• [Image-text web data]

---

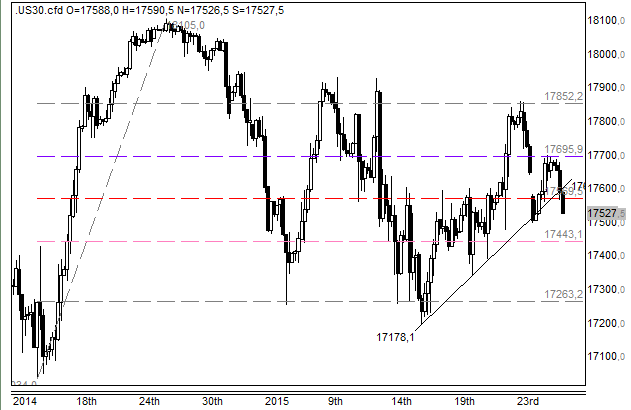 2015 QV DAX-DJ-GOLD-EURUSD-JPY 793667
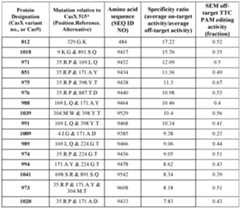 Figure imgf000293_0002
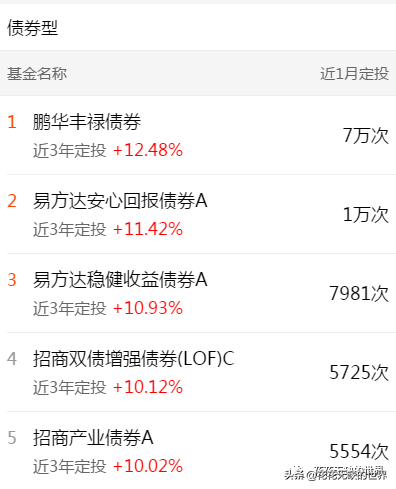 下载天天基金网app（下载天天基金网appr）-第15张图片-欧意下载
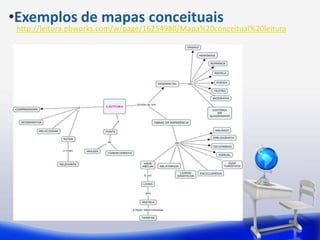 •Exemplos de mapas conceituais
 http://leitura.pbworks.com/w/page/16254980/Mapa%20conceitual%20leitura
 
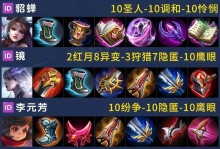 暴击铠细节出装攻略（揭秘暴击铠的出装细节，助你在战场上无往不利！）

---

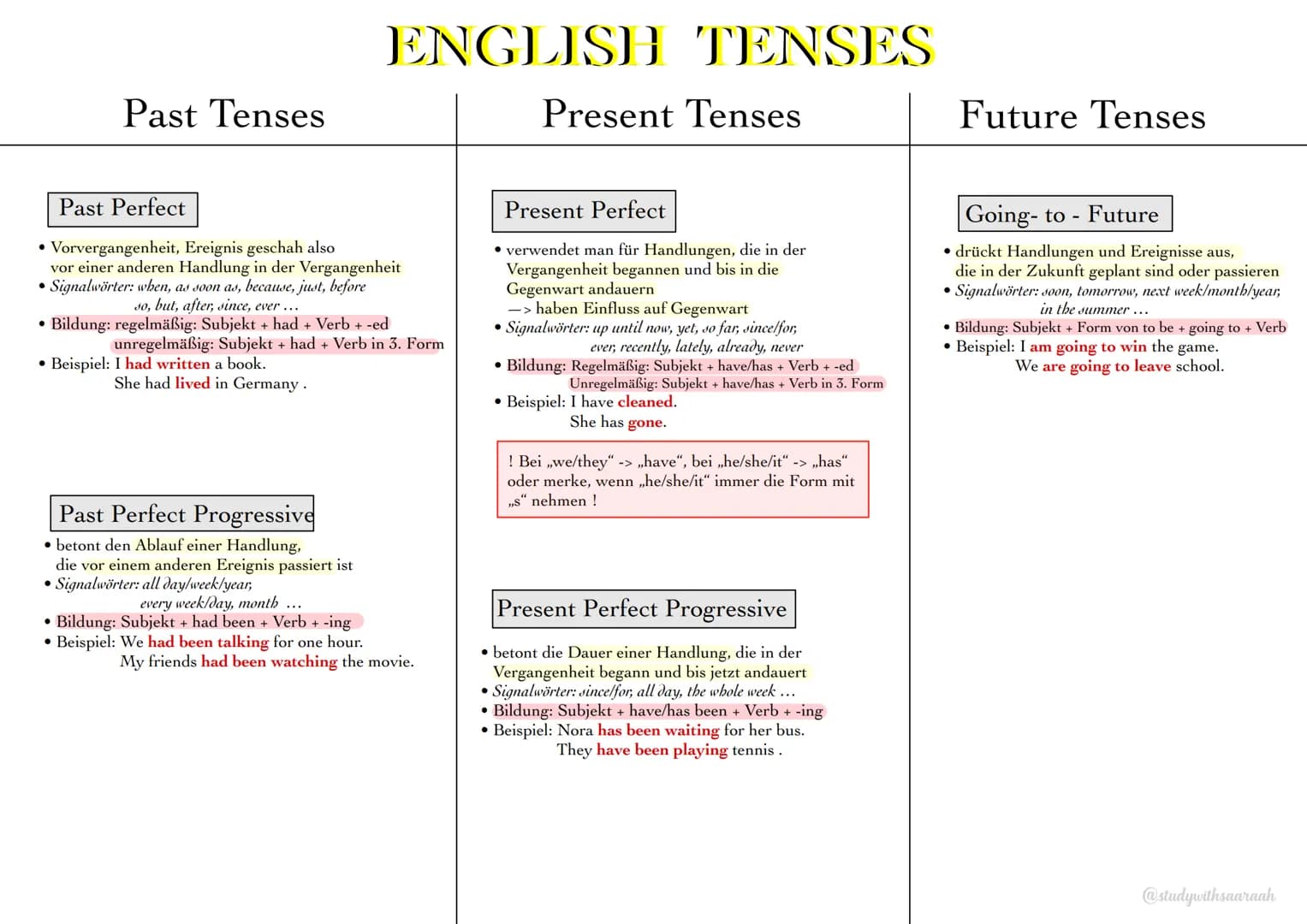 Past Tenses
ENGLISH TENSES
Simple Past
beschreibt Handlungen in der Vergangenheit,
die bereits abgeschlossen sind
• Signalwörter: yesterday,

---

• [Directions] Look back at the data above, then output exactly the lines from the line holding "下载天天基金网app（下载天天基金网appr）-第15张图片-欧意下载" up to and including the line holding "暴击铠细节出装攻略（揭秘暴击铠的出装细节，助你在战场上无往不利！）". Leave out the pictures.

• [Problem solution]
 下载天天基金网app（下载天天基金网appr）-第15张图片-欧意下载
 •Exemplos de mapas conceituais
 http://leitura.pbworks.com/w/page/16254980/Mapa%20conceitual%20leitura
 
 暴击铠细节出装攻略（揭秘暴击铠的出装细节，助你在战场上无往不利！）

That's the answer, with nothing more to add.